Work task:
Go through the records and show each line where the word "Beach" occurs.

Task material:

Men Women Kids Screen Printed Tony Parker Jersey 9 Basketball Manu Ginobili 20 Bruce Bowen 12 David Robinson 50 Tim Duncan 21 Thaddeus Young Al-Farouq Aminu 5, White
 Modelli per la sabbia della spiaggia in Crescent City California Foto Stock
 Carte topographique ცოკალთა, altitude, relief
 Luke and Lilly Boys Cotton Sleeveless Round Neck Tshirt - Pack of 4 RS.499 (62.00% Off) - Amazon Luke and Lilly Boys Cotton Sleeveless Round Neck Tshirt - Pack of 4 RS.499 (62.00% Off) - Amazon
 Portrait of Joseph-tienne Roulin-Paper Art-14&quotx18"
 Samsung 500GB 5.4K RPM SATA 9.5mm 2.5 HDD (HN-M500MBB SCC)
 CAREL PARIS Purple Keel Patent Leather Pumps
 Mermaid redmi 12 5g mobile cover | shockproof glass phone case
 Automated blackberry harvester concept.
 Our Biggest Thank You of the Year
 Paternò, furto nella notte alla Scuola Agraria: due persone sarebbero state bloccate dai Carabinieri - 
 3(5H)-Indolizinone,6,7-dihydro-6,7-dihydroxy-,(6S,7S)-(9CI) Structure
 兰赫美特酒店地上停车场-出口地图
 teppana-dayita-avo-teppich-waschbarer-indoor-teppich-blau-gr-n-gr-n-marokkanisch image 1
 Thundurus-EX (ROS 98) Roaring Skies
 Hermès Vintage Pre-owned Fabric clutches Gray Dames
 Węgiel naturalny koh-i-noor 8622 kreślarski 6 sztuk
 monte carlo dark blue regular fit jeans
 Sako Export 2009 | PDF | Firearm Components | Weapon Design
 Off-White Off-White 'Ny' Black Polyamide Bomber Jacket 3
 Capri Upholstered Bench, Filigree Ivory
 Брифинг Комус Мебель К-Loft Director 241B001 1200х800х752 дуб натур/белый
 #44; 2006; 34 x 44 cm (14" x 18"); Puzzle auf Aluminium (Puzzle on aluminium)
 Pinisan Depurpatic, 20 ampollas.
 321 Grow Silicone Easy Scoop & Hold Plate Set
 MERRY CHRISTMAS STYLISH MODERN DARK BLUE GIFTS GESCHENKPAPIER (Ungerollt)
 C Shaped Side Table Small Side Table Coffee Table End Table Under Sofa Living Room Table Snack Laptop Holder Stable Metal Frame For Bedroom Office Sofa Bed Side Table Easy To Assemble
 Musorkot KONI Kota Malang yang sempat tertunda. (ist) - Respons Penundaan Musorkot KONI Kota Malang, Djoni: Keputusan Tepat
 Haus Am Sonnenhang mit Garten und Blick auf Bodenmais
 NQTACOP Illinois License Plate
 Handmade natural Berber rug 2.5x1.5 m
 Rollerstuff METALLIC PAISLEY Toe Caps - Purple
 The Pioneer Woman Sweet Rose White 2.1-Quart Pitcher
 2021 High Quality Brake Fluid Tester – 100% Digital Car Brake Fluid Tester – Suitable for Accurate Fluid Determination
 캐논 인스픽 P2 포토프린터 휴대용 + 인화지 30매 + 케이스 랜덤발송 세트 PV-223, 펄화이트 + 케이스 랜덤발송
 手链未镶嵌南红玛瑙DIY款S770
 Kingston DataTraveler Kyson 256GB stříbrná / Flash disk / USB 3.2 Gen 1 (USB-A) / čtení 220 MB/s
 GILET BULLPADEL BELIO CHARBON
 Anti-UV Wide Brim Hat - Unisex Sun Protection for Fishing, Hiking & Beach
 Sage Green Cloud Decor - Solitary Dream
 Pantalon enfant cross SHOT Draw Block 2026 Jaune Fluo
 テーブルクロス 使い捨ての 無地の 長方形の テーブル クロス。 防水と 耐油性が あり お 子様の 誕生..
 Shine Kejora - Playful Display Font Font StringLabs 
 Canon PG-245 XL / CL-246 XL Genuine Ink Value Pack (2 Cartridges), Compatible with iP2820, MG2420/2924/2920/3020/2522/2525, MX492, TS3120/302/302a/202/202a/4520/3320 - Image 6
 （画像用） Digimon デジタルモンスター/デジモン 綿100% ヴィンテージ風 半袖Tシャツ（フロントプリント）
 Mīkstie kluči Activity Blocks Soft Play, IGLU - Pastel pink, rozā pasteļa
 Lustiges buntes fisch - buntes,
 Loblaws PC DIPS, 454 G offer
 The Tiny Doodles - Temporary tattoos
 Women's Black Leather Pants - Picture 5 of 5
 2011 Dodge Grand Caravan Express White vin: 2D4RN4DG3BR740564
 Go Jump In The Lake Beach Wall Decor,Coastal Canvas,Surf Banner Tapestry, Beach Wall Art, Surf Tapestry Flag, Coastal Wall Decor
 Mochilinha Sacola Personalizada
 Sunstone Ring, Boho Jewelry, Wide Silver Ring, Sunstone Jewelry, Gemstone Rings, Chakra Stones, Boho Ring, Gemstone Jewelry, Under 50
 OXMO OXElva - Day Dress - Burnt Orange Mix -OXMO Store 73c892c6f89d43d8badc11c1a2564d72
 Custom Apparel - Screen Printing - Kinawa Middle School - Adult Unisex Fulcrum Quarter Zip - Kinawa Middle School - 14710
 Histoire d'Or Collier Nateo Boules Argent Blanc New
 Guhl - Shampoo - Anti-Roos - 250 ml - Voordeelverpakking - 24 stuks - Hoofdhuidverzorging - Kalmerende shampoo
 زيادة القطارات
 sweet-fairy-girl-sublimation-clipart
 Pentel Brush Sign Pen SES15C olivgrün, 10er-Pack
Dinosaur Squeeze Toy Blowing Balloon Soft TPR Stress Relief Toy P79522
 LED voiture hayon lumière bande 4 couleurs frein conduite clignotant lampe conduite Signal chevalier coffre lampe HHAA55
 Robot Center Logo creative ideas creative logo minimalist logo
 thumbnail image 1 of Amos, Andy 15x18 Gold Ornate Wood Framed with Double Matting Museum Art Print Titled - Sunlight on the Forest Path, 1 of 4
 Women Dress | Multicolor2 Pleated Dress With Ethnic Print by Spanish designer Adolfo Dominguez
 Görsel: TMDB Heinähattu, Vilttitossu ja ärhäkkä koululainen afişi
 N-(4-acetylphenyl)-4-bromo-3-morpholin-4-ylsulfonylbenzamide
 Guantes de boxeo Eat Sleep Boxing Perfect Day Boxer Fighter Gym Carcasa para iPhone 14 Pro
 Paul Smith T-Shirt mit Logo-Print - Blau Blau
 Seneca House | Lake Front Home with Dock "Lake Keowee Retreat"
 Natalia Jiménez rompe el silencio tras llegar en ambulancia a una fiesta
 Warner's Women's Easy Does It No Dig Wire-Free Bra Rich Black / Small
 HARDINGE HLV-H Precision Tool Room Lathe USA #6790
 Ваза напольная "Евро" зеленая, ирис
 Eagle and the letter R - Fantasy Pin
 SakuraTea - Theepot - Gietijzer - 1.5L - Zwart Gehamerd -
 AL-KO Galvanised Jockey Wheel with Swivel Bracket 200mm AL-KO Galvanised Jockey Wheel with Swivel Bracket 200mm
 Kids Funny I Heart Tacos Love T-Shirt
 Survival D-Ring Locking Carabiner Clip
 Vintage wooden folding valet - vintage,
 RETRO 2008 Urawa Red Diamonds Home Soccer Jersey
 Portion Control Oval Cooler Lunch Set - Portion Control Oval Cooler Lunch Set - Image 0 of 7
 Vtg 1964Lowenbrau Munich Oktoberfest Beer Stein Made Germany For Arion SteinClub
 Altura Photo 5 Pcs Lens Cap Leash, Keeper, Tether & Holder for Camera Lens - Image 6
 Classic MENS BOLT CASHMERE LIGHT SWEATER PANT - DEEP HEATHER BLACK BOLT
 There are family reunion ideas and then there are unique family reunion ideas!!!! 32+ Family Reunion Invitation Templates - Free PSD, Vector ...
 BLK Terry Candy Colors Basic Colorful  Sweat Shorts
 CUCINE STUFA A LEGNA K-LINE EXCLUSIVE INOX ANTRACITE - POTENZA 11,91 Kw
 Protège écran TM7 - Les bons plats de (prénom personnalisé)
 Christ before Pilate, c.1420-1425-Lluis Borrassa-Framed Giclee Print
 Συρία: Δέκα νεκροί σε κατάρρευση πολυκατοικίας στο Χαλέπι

Reply:
 Anti-UV Wide Brim Hat - Unisex Sun Protection for Fishing, Hiking & Beach
 Go Jump In The Lake Beach Wall Decor,Coastal Canvas,Surf Banner Tapestry, Beach Wall Art, Surf Tapestry Flag, Coastal Wall Decor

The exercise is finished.